EXERCISE BRIEF » Answer with nothing but the number of lines in the listing below that contain "White".

────────────────

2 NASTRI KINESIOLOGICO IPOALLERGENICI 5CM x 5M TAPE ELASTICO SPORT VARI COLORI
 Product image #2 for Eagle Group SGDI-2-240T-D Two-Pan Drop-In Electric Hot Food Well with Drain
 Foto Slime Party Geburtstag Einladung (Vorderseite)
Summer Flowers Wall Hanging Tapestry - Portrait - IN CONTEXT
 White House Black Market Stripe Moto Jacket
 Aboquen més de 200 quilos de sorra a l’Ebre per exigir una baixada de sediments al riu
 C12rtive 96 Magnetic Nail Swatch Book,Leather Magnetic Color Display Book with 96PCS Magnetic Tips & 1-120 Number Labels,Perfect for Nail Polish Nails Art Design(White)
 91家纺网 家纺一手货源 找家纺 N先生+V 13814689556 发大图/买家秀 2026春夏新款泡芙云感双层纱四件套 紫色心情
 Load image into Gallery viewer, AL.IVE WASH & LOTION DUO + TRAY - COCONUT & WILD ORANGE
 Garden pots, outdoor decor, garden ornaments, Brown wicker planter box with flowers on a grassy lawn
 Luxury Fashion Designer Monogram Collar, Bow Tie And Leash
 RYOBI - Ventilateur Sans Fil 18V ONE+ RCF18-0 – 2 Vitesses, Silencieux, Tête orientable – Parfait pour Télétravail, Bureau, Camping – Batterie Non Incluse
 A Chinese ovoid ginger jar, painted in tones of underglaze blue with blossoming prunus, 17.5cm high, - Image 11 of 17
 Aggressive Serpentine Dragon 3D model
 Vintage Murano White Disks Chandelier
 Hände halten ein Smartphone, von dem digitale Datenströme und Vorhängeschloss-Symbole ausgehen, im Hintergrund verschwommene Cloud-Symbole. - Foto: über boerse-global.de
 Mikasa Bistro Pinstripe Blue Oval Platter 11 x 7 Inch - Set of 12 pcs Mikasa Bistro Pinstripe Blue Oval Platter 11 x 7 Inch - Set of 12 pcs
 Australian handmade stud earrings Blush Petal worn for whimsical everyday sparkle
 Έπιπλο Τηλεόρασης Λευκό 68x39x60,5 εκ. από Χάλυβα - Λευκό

────────────────

EXERCISE ANSWER » 3